» Fouquet est l’homme le plus vif, le plus naturel, le plus tolérant, le plus brillant, le mieux doué pour l’art de vivre, le plus français. Il va être pris dans un étau, entre deux orgueilleux, secs, prudents, dissimulés, épurateurs, impitoyables. Il succombera, étant resté un homme du temps de la Fronde, avec quinze ans de retard sur l’époque qui s’annonce. Confiant et aveugle; n’ayant su ni percer à jour la Reine-Mère; ni qualifier Mazarin; ni juger Colbert; ni prévoir Louis le Grand.
Fouquet a dû croire que tout s’achète, même le destin. »
Tout est dit.
C’est un brillant plaidoyer en faveur du sieur Fouquet, le célèbre surintendant des finances pris en grippe – et inextinguible hargne – par Louis XIV, soutenu de la haine féroce que lui voue Colbert, que Paul Morand nous propose, avec cet opus, publié il y a quelque 50 années. La valeur de l’écrit ne s’éteint pas au fil du temps, la relation n’a pas pris une ride qui nous explique, point par point – et en boucle – l’implacable descente aux enfers d’un homme, né pour le bonheur, qui n’a pas pris le pouls d’une époque et d’un souverain revanchard, pressé d’inscrire son seul nom dans l’histoire d’un Grand Siècle déjà bien entamé.
A ce titre, la date du 9 mars 1661 – jour du décès du Cardinal Mazarin – revêt une importance cruciale car elle libère le jeune monarque du joug de son parrain, lui permet d’enfin exercer le pouvoir absolu , semant dans la foulée les germes d’une ruine toute proche, celle du surintendant.

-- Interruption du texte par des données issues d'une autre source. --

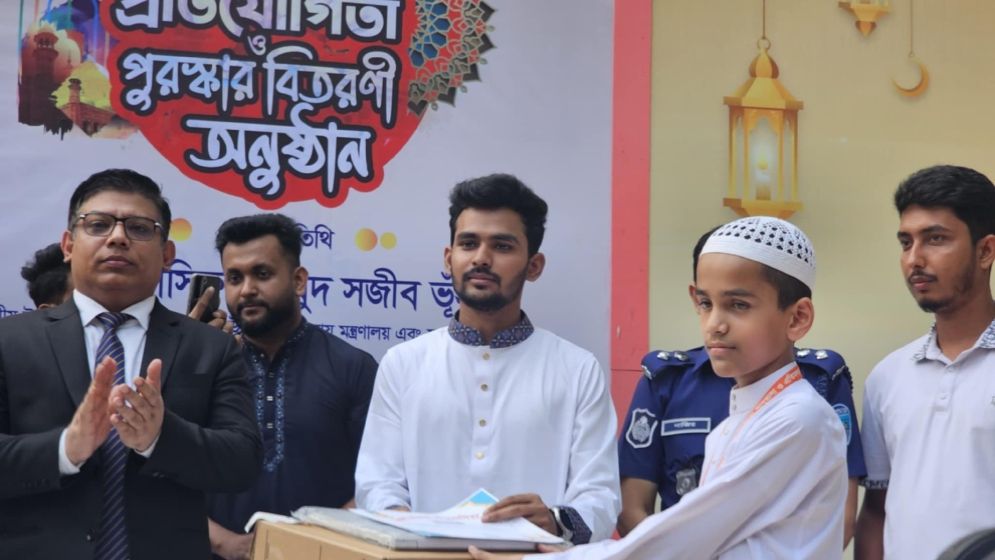 চাঁদাবাজির সঙ্গে জড়িতদের কঠোর হাতে দমন করা হবে – DesheBideshe চাঁদাবাজির সঙ্গে জড়িতদের কঠোর হাতে দমন করা হবে – DesheBideshe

Pratiquant le mécénat, de larges ponctions dans les caisses de l’Etat et l’élégance d’une culture généreuse, raffinée, Nicolas Fouquet subit son adversité et le procès inique qui lui est réservé avec panache et une philosophie qu’on n’aurait pas soupçonnée chez un être à ce point épris de luxe, d’ostentation. Les quelque 15 années passées dans le donjon de Pignerol (Alpes italiennes) auront raison de sa vie. Il y meurt, alors même que le Roi a enfin décidé d’user d’un peu de clémence à son égard et de lui permettre une cure d’eaux à Bourbon. La compagnie du fantasque Lauzun, personnage rocambolesque entre tous (voir chronique sur ce blog de la biographie que lui consacre Jean-Christian Petitfils) ponctuera de quelque légèreté comique ce séjour d’enfer.
« Si même il fut malhonnête et damnable, Fouquet, du moins, était généreux et bon, tandis que Mazarin, Colbert, Séguier, la Montespan, bien d’autres héros de ce temps, furent à la fois malhonnêtes et méchants. »
Au-delà au personnage de Fouquet, c’est la personnalité de Louis XIV, sa cruauté suspecte et la faiblesse d’une suprême goujaterie qui est révélée au grand jour. Envieux de la réussite de son surintendant, le monarque lui volera vie, oeuvres, meubles,vaisselle, orangers, ..jusqu’aux artistes – Le Brun, Le Nôtre, Le Vau, la Quintinie, Molière…- qui gravitaient dans son sillage, injectant à Versailles tout ce qu’il avait vu -et envié – à Vaux.
» Vaux, énorme échec pétrifié; mais ce n’est pas l’échec d’un fou, ce fut le décor d’une réussite parfaite, qui n’a duré qu’une seule soirée, celle du 17 août 1661. Aucun dramaturge n’a réalisé pareille unité de lieu et de temps: le 17 août, à six heures du soir, Fouquet était roi de la France; à deux heures du matin, il n’était plus rien. Vaux ou le songe d’une nuit d’été. Vaux bat Versailles de cinq ans. Fouquet n’est-il pas un Louis XIV prématuré? «
Apolline Elter
Fouquet ou le Soleil offusqué, Paul Morand, Gallimard 1961 (folio histoire, plusieurs rééditions, 1985-2006, 181 pp, 5,10 €).